AS MEMÓRIAS DO DIPLOMATA GEORGE F.
KENNAN
Luciano Trigo
VOLUME 1
Em breve ensaio sobre George F. Kennan (1904-2005),
Henry Kissinger constata com tristeza que o grande diplomata americano
não tem hoje o reconhecimento a que faz jus sua vasta produção
intelectual. No Brasil, essa lacuna é amenizada agora com
a edição dos dois tomos de suas Memórias
(1925-1950 e 1950-1963), obra de alta relevância histórica
e profundidade de análise que, embora publicada em 1967,
ainda não ganhara tradução em português.
Recupera-se aqui a crônica pessoal de um
dos diplomatas mais influentes do seu tempo. Kennan teve uma carreira
extraordinária e uma vida longa. Serviu em Moscou nos anos
30, no tempo em que Stalin consolidava a ferro e fogo sua liderança.

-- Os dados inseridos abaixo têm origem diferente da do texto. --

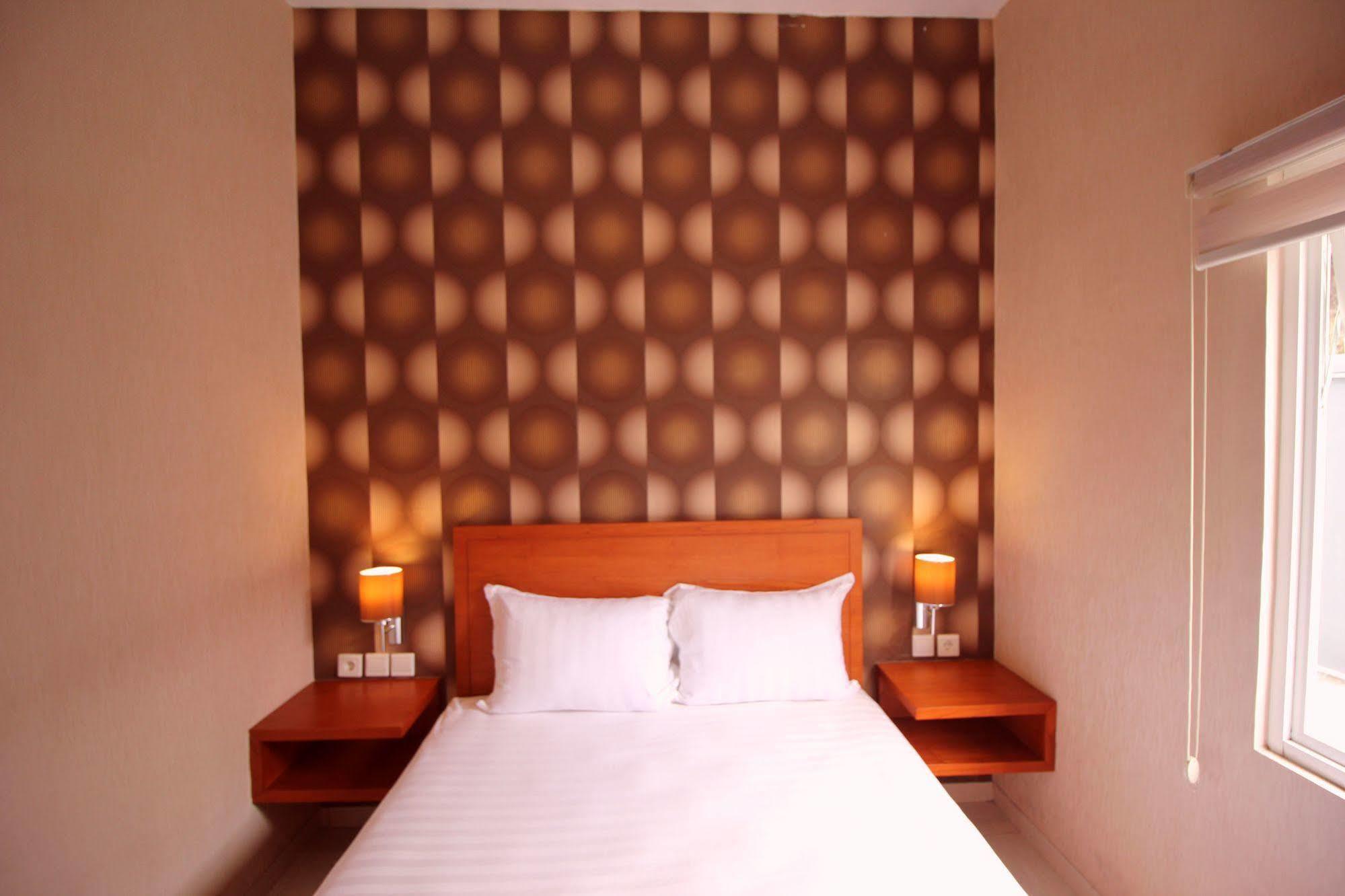Amaya Suites Hotel Kejayan Extérieur photo
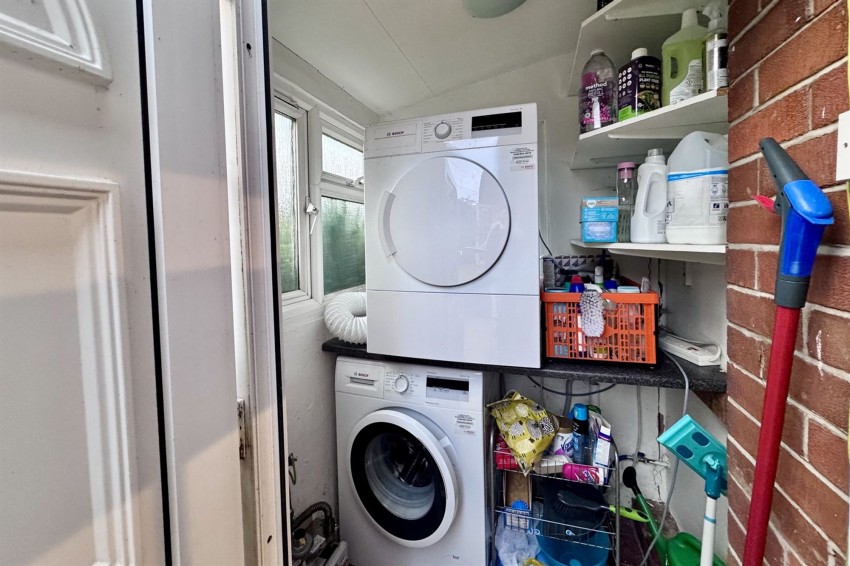 Images for Dinting Road, Glossop, SK13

Estava em Praga quando os nazistas invadiram a Tchecoslováquia.
Daí rumou para Berlim quando os Estados Unidos declararam
guerra à Alemanha. Em 1944-46, funcionava como braço
direito do poderoso embaixador Averell Harriman na embaixada em
Moscou, transformando-se em testemunha direta da tragédia
européia no seu inverno terrível.
Para a imensa maioria dos diplomatas servindo
em postos tão cruciais, carreira como a de Kennan seria enorme
realização. Para ele, porém, representou apenas
a plataforma para a articulação de uma doutrina –
a contenção da União Soviética –
que viria a se tornar a base da política externa americana
até o fim da Guerra Fria. Logo se tornaria o homem que a
Casa Branca e o Pentágono consultavam quando queriam entender
as sutilezas da psicologia da URSS, do Leste europeu e dos países
asiáticos, e suas lições continuam válidas.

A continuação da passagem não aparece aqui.